PROMPT: Copy the lines of the data below exactly, starting at the first and stopping after the line that contains "Table flag Sequin"; include no pictures.

SUPPLIED MATERIAL:
---+---
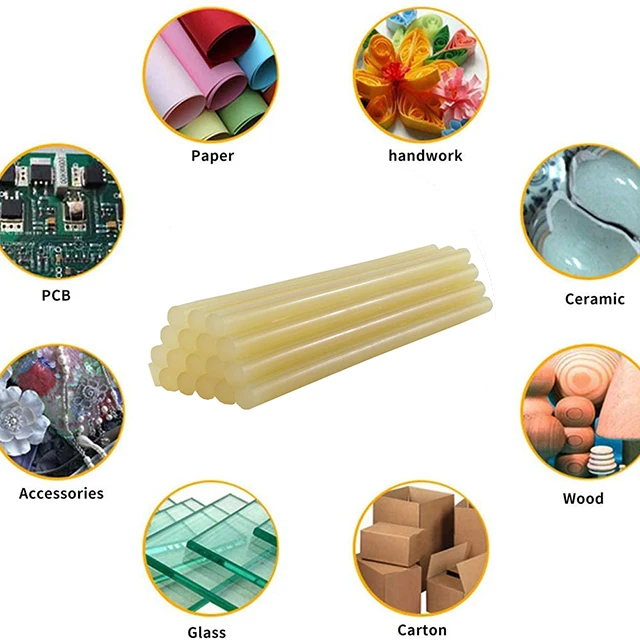 21506 11mm 12pcs  Adhesive Silicone Hot melt Glue Gun Sticks Kits For DIY Craft Home Repair Project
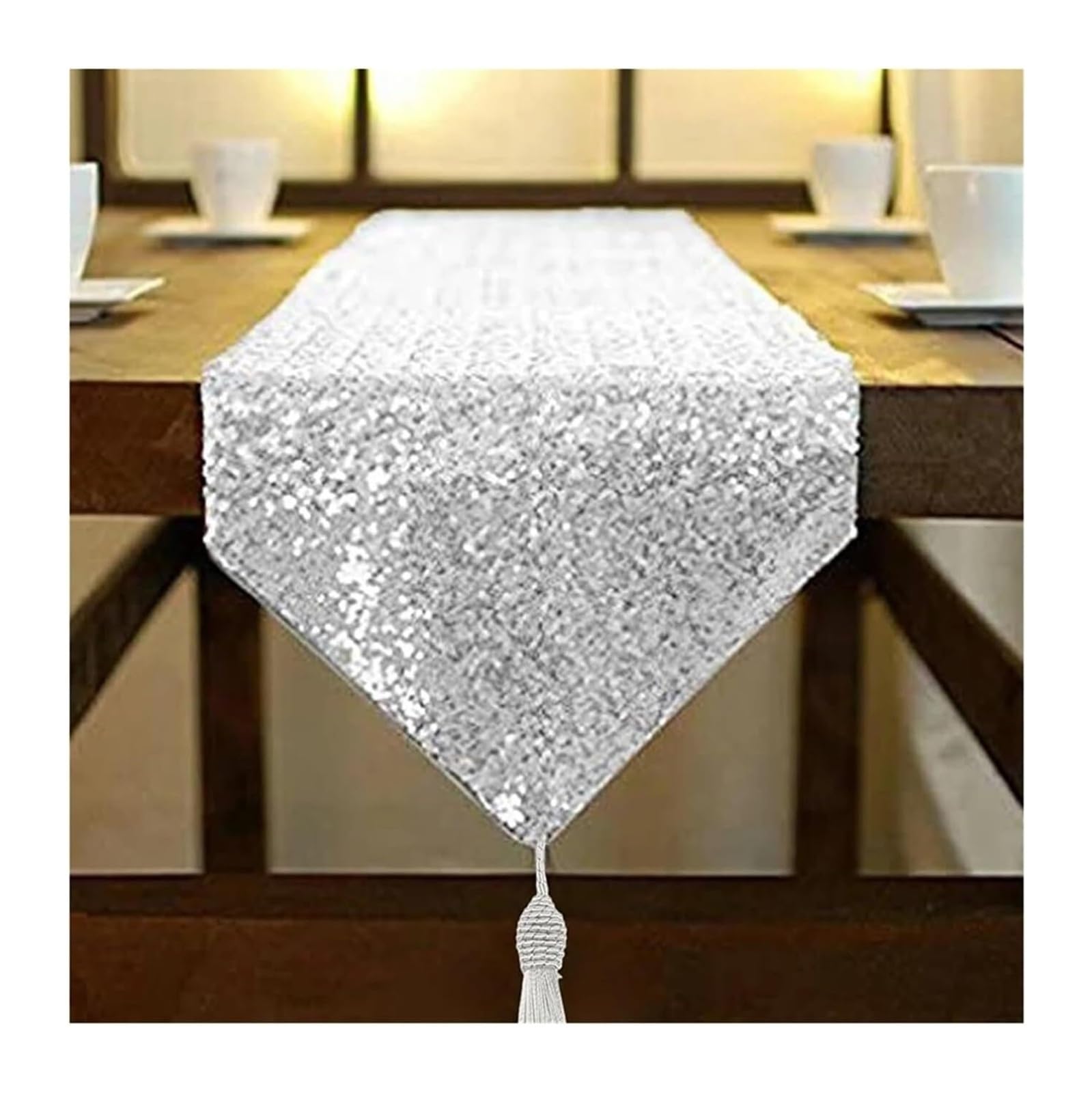 Table flag Sequin Table Runner Glitter Tassel Multicolor 30x180cm For Birthday Party Wedding(Silver)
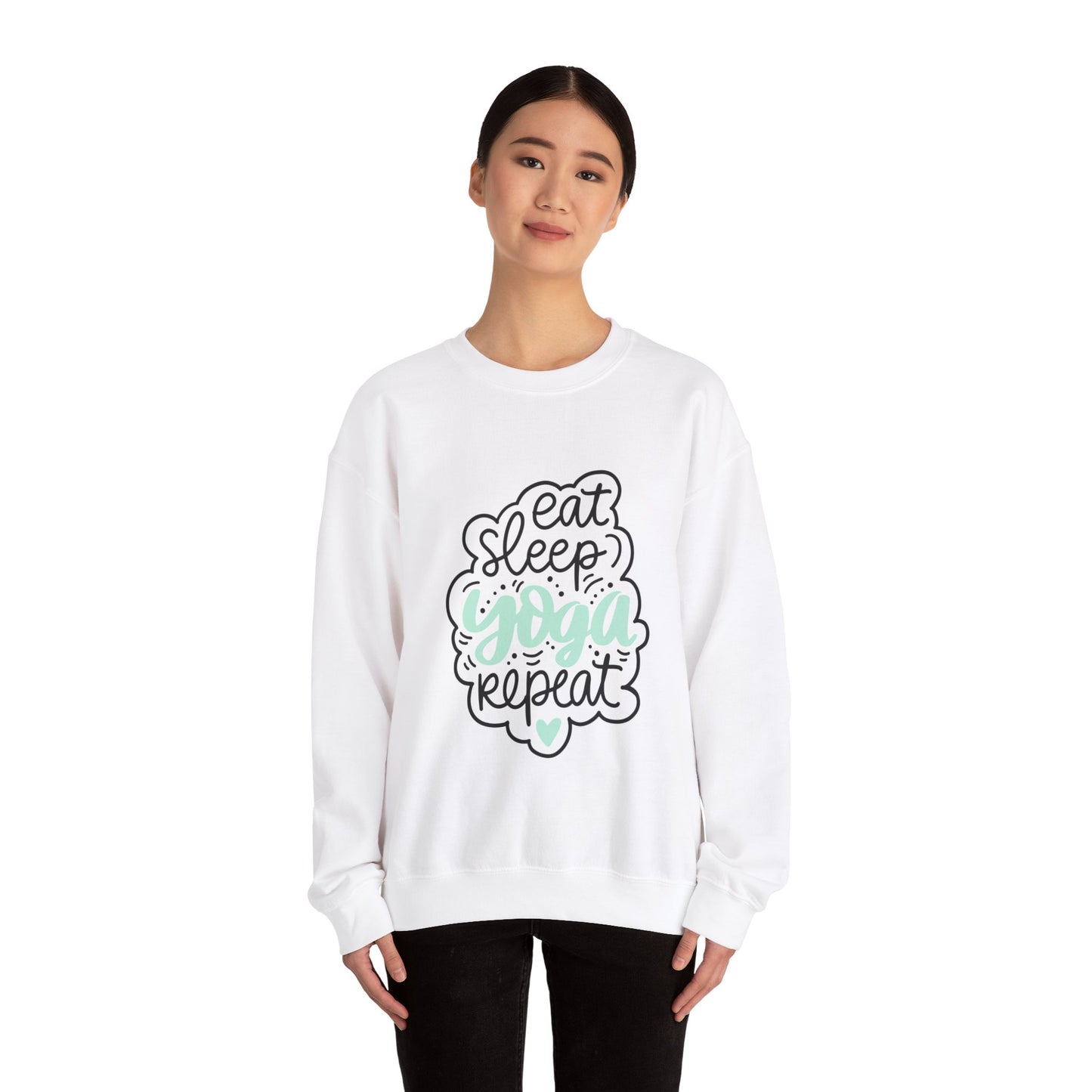 Eat sleep yoga repeat sweater yoga sweater Here we go fucking again sweater gifts funny cat birthday gift Christmas sweatshirt gift for her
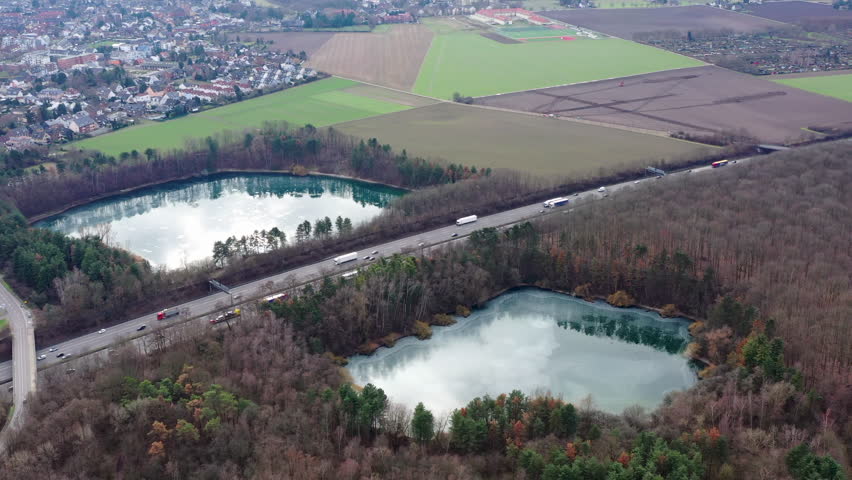 beautiful road between lakes in Cologne - Germany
---+---
PROBLEM SOLUTION:
 21506 11mm 12pcs  Adhesive Silicone Hot melt Glue Gun Sticks Kits For DIY Craft Home Repair Project
 Table flag Sequin Table Runner Glitter Tassel Multicolor 30x180cm For Birthday Party Wedding(Silver)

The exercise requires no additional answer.